L'histoire :
À Douarnenez, en 1924, la vie des femmes est toute tracée : elles seront sardinières, comme leurs mères et leurs grands-mères avant elles. Les hommes sont en mer, les femmes à l’usine, et les enfants grandissent entre les cris des contremaîtres et l’odeur du poisson avec, à l'horizon, un destin tout tracé dans la brume bretonne. Dès que la cloche retentit, Mona et ses camarades se précipitent à l’usine Chancerelle pour découper, vider et ranger les sardines. Leurs mains sont malmenées par le sel et les lames des couteaux. Avant, sa mère, que l'on surnomme Mamm-Gozh, travaillait avec elle. Mais une attaque l’a affaiblie, et bientôt, ce sera au tour de sa fille Soazig de prendre la relève. Ici, personne ne rêve d’une autre vie. On naît sardinière, on meurt sardinière, et l’on épouse un pêcheur qui ramènera à l’usine de quoi travailler. Pourtant, certaines ont tenté l’ailleurs. Comme Joséphine Pencalet, partie à Paris pour échapper à sa trajectoire. D’abord domestique, puis lavandière, elle s’est mariée à un cheminot communiste avant de revenir veuve, contrainte de retrouver les conserveries qu’elle avait voulu fuir. Soazig, elle, n’a pas envie d’épouser un marin ni de passer sa vie à tremper ses mains dans les poissons...

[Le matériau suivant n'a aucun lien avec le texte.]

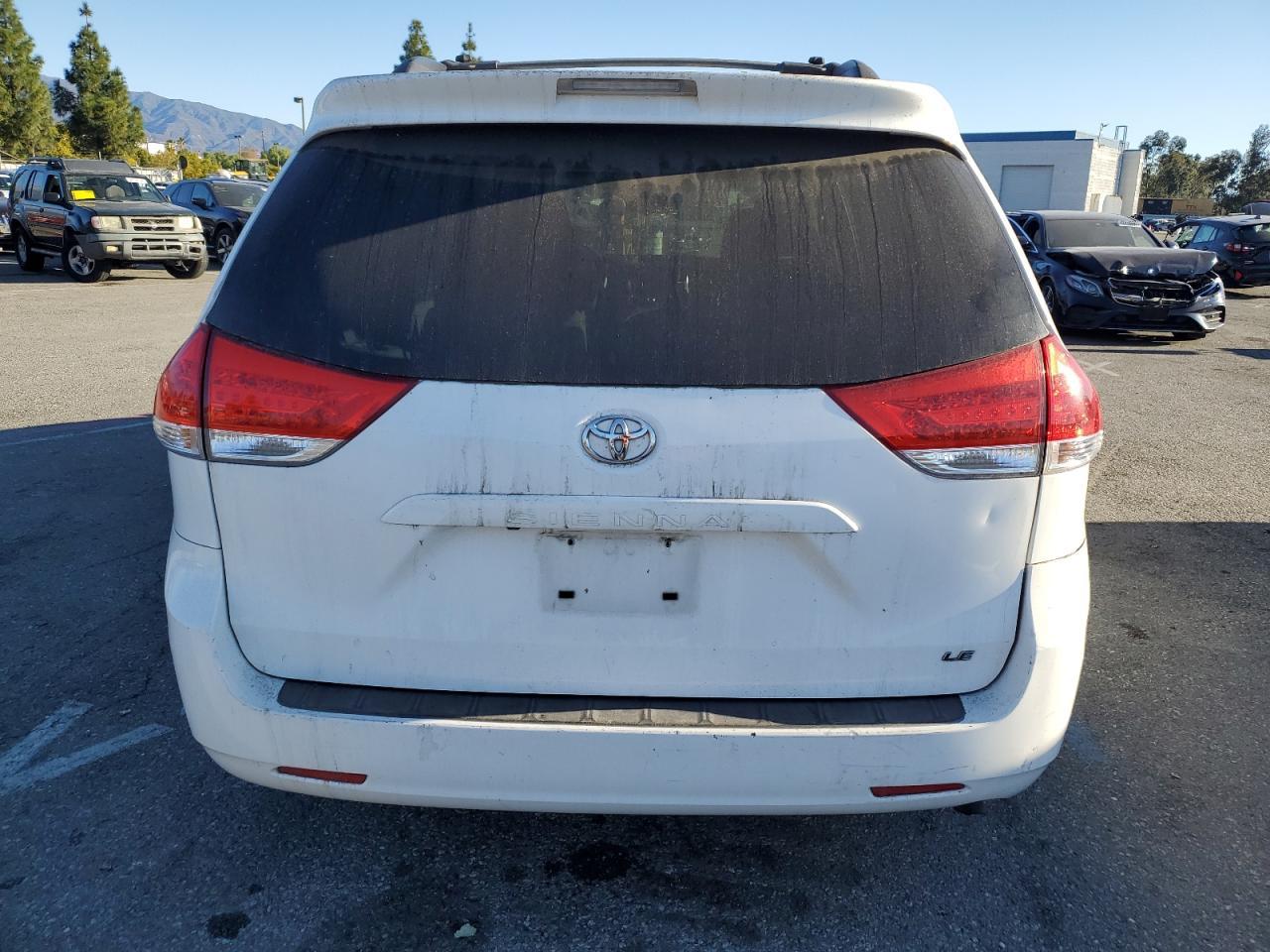 2011 TOYOTA SIENNA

Ce qu'on en pense sur la planète BD :
Les sardines ont ce pouvoir fascinant : elles peuvent boucher le port de Marseille, mais aussi semer la révolte. Dans Le Cœur des sardinières, elles deviennent le symbole d’une lutte ouvrière et féministe parmi les premières de l’histoire. À Douarnenez, en 1924, les sardinières, ces ouvrières des conserveries, décident de se lever contre un système qui les exploite et les sous-paie. Elles en ont assez d’être serrées dans une boîte, comme dirait le barde de Brive. Face aux patrons, à la maréchaussée, et parfois même à leurs propres familles, elles réclament leur dignité et de meilleurs salaires. À travers Mona, jeune ouvrière engagée, et sa mère, qui a connu une grève précédente mais s’est résignée, on perçoit le passage de témoin entre générations. Le scénario de Léah Touitou, bien construit, montre la montée en puissance de la révolte, portée par des femmes (soutenue par le maire de Douarnenez, Le Flanchec, figure historique qui incarne le soutien politique) face aux forces de l’ordre venues briser le mouvement) prêtes à tout pour faire bouger les lignes. Inspiré de faits réels, l’album restitue fidèlement la grève de Douarnenez, qui fera école dans toute la région. L’écriture est immersive, ponctuée de termes bretons et d’expressions locales qui ancrent l’histoire dans son territoire. Côté dessin, Max Lewko propose un trait fluide et expressif, rehaussé de couleurs pastel dominées par des touches de rouge et de bleu, traduisant autant la poésie du quotidien que la tension des affrontements. Un album vibrant et nécessaire.